- _Work to complete_
Search the records that follow and extract every line containing the string "Size".

↓

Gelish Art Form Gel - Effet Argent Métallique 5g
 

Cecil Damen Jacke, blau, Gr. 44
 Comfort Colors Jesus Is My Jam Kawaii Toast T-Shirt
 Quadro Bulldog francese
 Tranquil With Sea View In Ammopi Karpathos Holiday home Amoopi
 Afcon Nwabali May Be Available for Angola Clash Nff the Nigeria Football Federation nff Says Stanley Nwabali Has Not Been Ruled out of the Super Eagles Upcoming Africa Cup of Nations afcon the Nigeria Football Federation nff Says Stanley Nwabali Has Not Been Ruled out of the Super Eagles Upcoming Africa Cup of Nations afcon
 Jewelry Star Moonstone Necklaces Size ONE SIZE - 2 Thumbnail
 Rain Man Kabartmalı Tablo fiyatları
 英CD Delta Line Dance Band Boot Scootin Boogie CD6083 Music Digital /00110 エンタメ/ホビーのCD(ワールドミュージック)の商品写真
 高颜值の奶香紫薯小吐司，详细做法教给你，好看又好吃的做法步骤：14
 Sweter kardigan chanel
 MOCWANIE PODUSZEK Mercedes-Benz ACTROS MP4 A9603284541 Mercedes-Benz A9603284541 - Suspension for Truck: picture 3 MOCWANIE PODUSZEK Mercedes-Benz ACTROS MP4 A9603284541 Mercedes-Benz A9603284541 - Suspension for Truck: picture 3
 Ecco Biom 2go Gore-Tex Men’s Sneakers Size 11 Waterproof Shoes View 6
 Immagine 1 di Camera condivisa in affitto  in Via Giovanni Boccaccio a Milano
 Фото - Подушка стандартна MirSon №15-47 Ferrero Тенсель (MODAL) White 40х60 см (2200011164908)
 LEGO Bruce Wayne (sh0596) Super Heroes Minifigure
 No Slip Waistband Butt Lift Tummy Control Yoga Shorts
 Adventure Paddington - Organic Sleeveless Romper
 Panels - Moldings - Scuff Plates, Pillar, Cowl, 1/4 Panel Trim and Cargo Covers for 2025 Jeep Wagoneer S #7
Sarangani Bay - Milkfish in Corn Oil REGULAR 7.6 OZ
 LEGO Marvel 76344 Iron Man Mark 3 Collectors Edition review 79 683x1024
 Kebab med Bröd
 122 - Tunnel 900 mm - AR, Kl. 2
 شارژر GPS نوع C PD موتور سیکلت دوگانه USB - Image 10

↑

- _Answer to this problem_
 Jewelry Star Moonstone Necklaces Size ONE SIZE - 2 Thumbnail
 Ecco Biom 2go Gore-Tex Men’s Sneakers Size 11 Waterproof Shoes View 6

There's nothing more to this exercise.